Directions for this task: Repeat exactly the lines of the records below, starting at the line containing "Banana Republic Plaid" and ending at the line containing "Tommy Hilfiger Lounge". Leave the pictures out.

Extracted records:
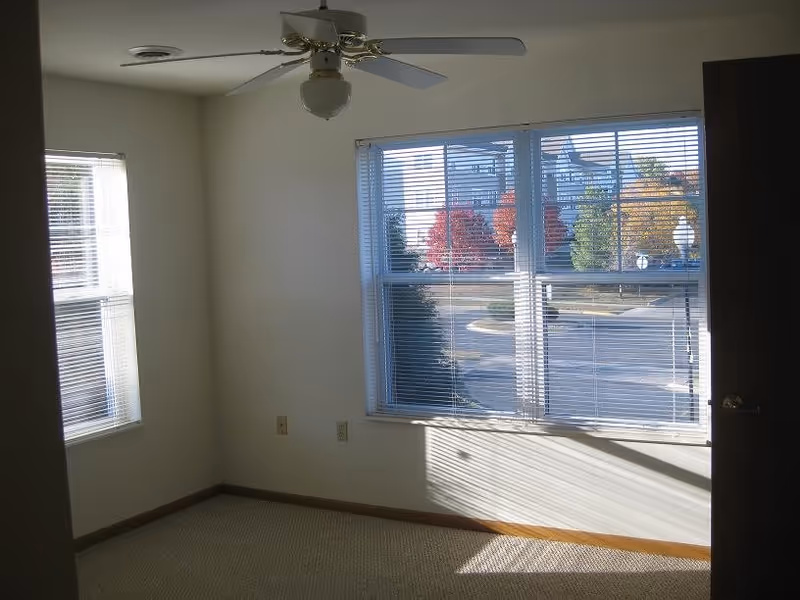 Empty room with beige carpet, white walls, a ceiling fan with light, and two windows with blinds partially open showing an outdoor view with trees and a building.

---

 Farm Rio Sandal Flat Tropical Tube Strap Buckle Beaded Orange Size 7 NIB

---

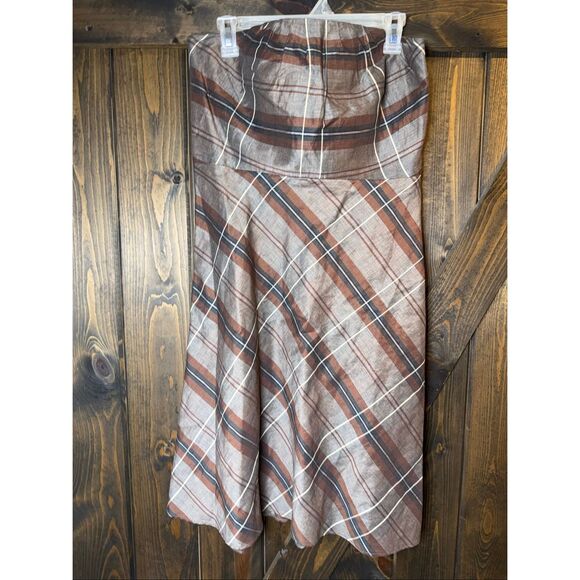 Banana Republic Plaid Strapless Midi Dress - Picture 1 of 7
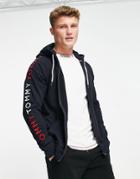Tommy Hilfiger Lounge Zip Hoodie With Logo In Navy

Finished task:
 Banana Republic Plaid Strapless Midi Dress - Picture 1 of 7
Tommy Hilfiger Lounge Zip Hoodie With Logo In Navy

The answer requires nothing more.